Het productschap beheert ten behoeve van de identificatie en registratie van pluimveebedrijven en pluimveeverplaatsingen een elektronische databank: het Koppel Informatiesysteem Pluimvee (KIP).
2.
Met de registratie van pluimveebedrijven en pluimveeverplaatsingen in het KIP worden gegevens verzameld die nodig zijn voor de goede vervulling van de taak van het productschap. 4. MELDEN VERPLAATSINGEN PLUIMVEE
Artikel 4 1.
De ondernemer die 250 of meer stuks pluimvee houdt of handelt in pluimvee, draagt er voor zorg dat elke verplaatsing van pluimvee, andere dan duiven, ganzen, kwartels, fazanten, patrijzen en loopvogels, binnen onderscheidenlijk van en naar zijn pluimveebedrijf, ter registratie in het KIP wordt gemeld aan het productschap.
2.
Nadat de melding als bedoeld in eerste lid is geregistreerd in het KIP, en bij de terugmelding van het productschap blijkt dat de verplaatsingsgegevens niet overeen komen, draagt de ondernemer als bedoeld in het eerste lid, er voor zorg dat de gecorrigeerde gegevens worden gemeld bij het productschap.
3.
De ondernemer als bedoeld in het eerste lid, draagt er voor zorg dat de gegevens die ingevolge deze verordening worden gemeld aan het productschap, volledig, juist en naar waarheid zijn.
4.
Bij de in het eerste lid bedoelde melding doet de ondernemer opgave van de volgende gegevens: Gegevens verzender / ontvanger: a.
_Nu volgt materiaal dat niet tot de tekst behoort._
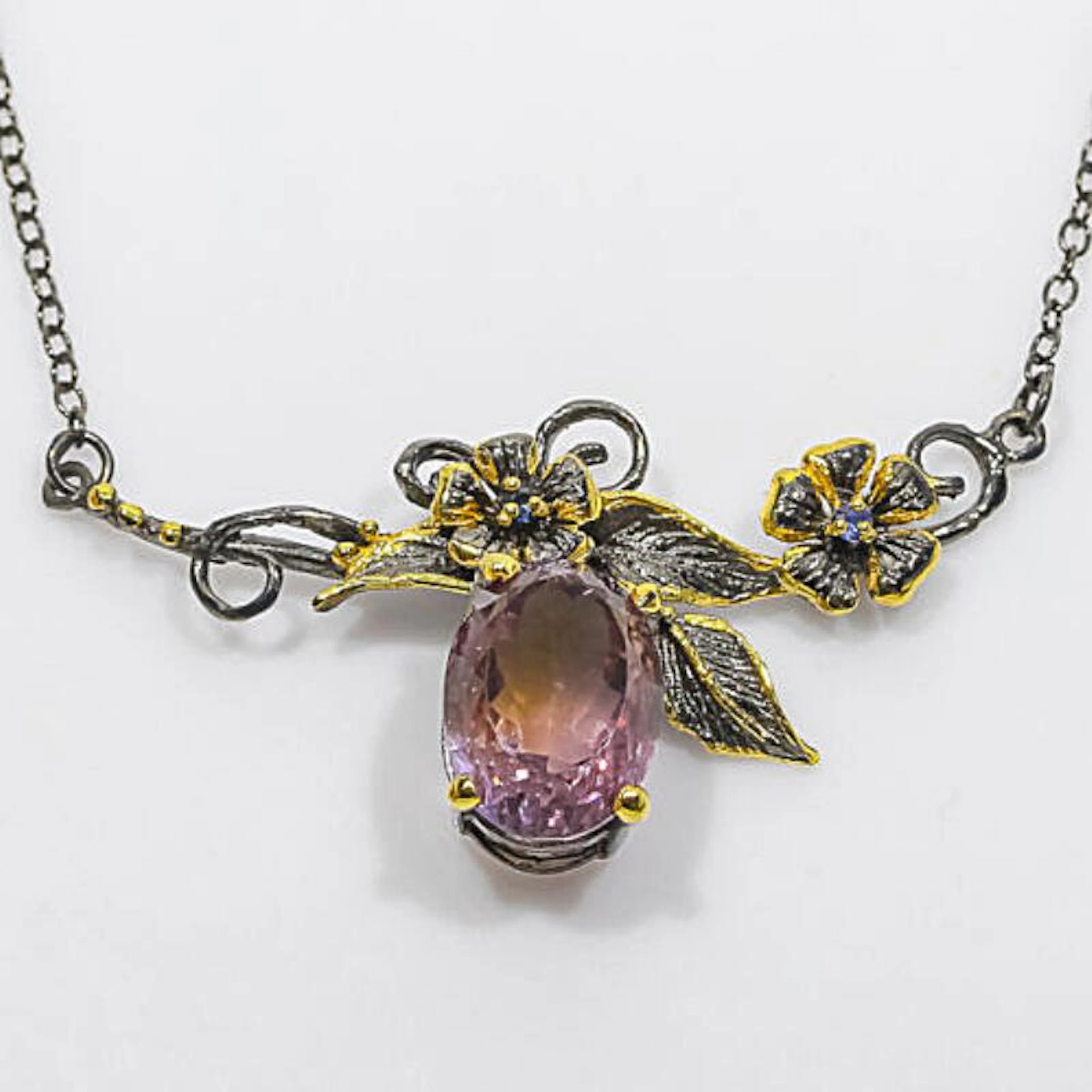 An ametrine necklace set with an oval-cut ametrine weighing app.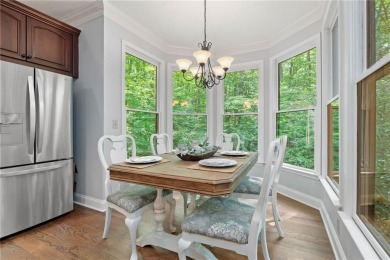 Nestled in a serene natural setting, this breathtaking 3-story on Big Canoe Golf Club - Cherokee in Georgia - for sale on GolfHomes.com, golf home, golf lot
KIPnummer van verzender en ontvanger; b. Stalnummers van herkomst en bestemming, voor zover de herkomst respectievelijk de bestemming een pluimveebedrijf in Nederland betreft; Verplaatsingsgegevens: c. Verplaatsingstype (aanvoer – opzet, aanvoer – bijplaatsing, interne of externe overplaatsing, afvoer – uitladen of afvoer – wegladen); d. Verplaatsingsdatum; Ouderdiergegevens: e. KIPnummer pluimveebedrijven ouderdieren; Pluimveegegevens: f. Aantal geplaatste dieren (hennen, hanen, ongesext); g. Geboortedatum van de geplaatste dieren; h. Soort; i. Categorie; j. Type; k. Ras; l. Houderijsysteem.
4
5.
Indien de in het eerste lid bedoelde melding betrekking heeft op de aanvoer van een groep pluimvee, andere dan duiven, ganzen, kwartels, fazanten, patrijzen en loopvogels, afkomstig uit een lidstaat of een derde land, wordt tevens opgave gedaan van het land van herkomst.
6.
Indien de in het eerste lid bedoelde melding betrekking heeft op de afvoer van een groep pluimvee, andere dan duiven, ganzen, kwartels, fazanten, patrijzen en loopvogels, naar een lidstaat of een derde land, wordt tevens opgave gedaan van het land van bestemming.
7.
Indien de in het eerste lid bedoelde melding betrekking heeft op een groep pluimvee, andere dan duiven, ganzen, kwartels, fazanten, patrijzen en loopvogels, dat meer dan één productieperiode wordt ingezet, wordt tevens opgave gedaan van de datum van het begin van de nieuwe productieperiode, zijnde de startdatum van de ruiperiode.
8.
De termijn waarbinnen de ondernemer ervoor zorg draagt dat aan de meldingsverplichting als bedoeld in het eerste lid en het tweede lid wordt voldaan, bedraagt 5 werkdagen te rekenen vanaf de dag na de dag van de verplaatsingsdatum respectievelijk de dag na de dag van terugmelding.
9.
Het bestuur kan bij besluit nadere regels vaststellen omtrent de wijze van melding door de ondernemer, als bedoeld in het eerste lid. Het besluit wordt gepubliceerd in het Verordeningenblad Bedrijfsorganisatie. 5. WIJZIGING GEGEVENS
Artikel 5 1.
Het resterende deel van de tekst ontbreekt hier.